A ghost story: The deserted office buildings of Bucharest

Newsroom 13/07/2018 | 07:02

This year, the Bucharest office market will reach 2.9 million sqm, according to Cushman&Wakefield Echinox. The vacancy rate is also dropping, as the current 7.7 percent is less than half the level recorded three years ago, when empty buildings were almost everywhere in the city. Still, empty offices remain on the market, and places like the Millennium Business Center or Cathedral Plaza are well-known for being abandoned.

The 18-storey high Millennium Business Center, at a height of 74 meters, developed close to Armeneasca Church, was a controversial project from the beginning, as the building was basically attached to the parish house of the church. The construction began in 2001, but later the works were stopped, as the developer entered litigation with the church whose structure was affected by work. The litigation was dropped in 2003 after the developer paid damages of USD 790,000.

The German investment fund DEGI (bought in the meantime by UK based Aberdeen Asset Management) acquired the office building in 2007 from the British investment fund European Convergence Property Company, which had also bought it a year earlier from Antonis Kapraras and Euroestate, a company controlled by the Kanellas family in Greece.
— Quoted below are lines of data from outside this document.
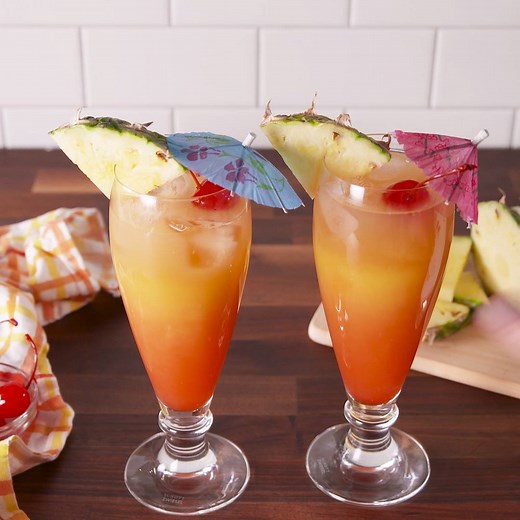 You're always on vacation when you have a Bahama Mama in hand. Full recipe: http://dlsh.it/dMqFy8R | Delish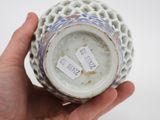 a person holding a white and blue vase with tags on it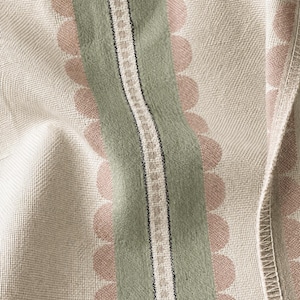 May include: A woven fabric featuring a cream-colored base with vertical stripes. A central sage green band is flanked by rows of soft pink scalloped circles. A narrow white and black geometric border runs through the center of the green stripe.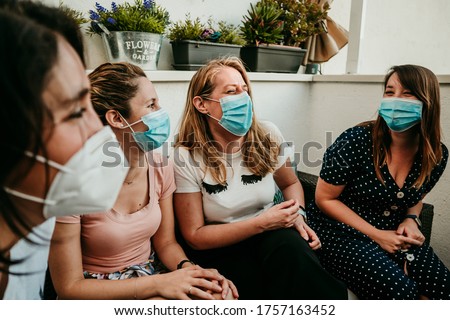 
Happy group of girlfriends meeting after the quarantine caused by the covid pandemic19. Taking caution with the use of surgical masks. New normal. Royalty-Free Stock Photo #1757163452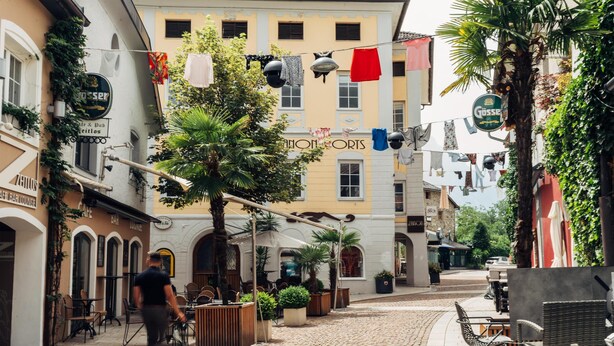 A cobblestone street with outdoor seating, a café, and a building with a sign reading "Gosse". - harry's home Lienz hotel & apartments (Lienz)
And the bad luck continued.

Two years later, in 2009, the building caught fire, with around EUR 20 million in losses. Almost 10 years later, the building is in the same state. It seems that the owner wasn’t compensated by insurers because the investigation did not reveal the exact cause of the fire.

It’s hard to fight God

Delivered in 2010, the 24,000 sqm Cathedral Plaza had issues with the Archdiocese of Bucharest, who opposed the construction after an initial agreement. Developed by Millennium Building Development, a company controlled by Israeli businessman Eyal Ofer, the building was finalised in 2010, and its war with the Catholics went to the courts.

The EUR 60 million building’s case was opened in 2006 by the Roman Catholic Archdiocese in the Bucharest Court, its representatives claiming that the neighboring tower is dangerous for St. Joseph’s Cathedral – a historical monument. The file was transferred to Constanta, Craiova, Pitesti, the Constitutional Court of Romania (CCR), Targoviste, Ploiesti, Suceava, Alba Iulia and Iasi and has been sent to European Court of Human Rights several times.
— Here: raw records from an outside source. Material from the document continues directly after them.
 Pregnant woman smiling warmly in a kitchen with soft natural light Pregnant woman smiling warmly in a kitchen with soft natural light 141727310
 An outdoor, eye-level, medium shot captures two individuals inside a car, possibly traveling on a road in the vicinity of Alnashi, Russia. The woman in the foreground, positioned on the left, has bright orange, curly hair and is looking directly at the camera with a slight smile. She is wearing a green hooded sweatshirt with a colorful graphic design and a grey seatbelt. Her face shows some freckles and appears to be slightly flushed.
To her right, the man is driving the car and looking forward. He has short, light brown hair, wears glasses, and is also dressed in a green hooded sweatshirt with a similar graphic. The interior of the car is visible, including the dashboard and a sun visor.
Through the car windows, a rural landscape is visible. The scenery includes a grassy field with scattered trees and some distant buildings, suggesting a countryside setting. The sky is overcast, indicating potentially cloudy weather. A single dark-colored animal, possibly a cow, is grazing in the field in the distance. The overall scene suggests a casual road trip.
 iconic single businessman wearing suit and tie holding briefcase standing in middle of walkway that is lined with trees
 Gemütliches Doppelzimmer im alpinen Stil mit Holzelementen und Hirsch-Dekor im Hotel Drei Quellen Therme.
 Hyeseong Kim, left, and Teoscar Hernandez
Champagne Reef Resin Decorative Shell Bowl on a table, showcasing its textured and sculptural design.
The building was acquired by real estate investor Ioannis Papalekas in 2013, just a month after the court ordered the mayor of Bucharest to order the demolition of the Cathedral Plaza.

But for now, the building still stands, empty.

When the market hits

But the city doesn’t just have victims of fate, but victims of business as well. Buildings with bad locations, like the Cubic Center in Pipera, are occupied only around 50 percent. The same thing happened with Twin Tower Barba Center, put on sale few years ago for EUR 60 million and a up for rent at about EUR 5/sqm/month – to no end.

There are also larger buildings where construction was started, such as Anchor Plaza Metropol (about 34,000 sqm) and another building in Otopeni (27,000 sqm), which have not yet been completed, and remain almost empty.

Some of these buildings were started back in 2006-2007, when the market seemed to accept everything, but the crisis changed the reality. Not only because of the unfortunate location, but also due to the fact that they are already old buildings.

“I would say there are two reasons why there are such buildings. The main cause is litigation, and the fact that until the cases are settled the buildings can not be rented out. The second reason is starting construction with a purely speculative approach, with no pre-contracts, in locations that either do not have all the features required by office occupants, or where demand is lower, ” Florian Gheorghe, head of Research at Activ Property Services agency concluded.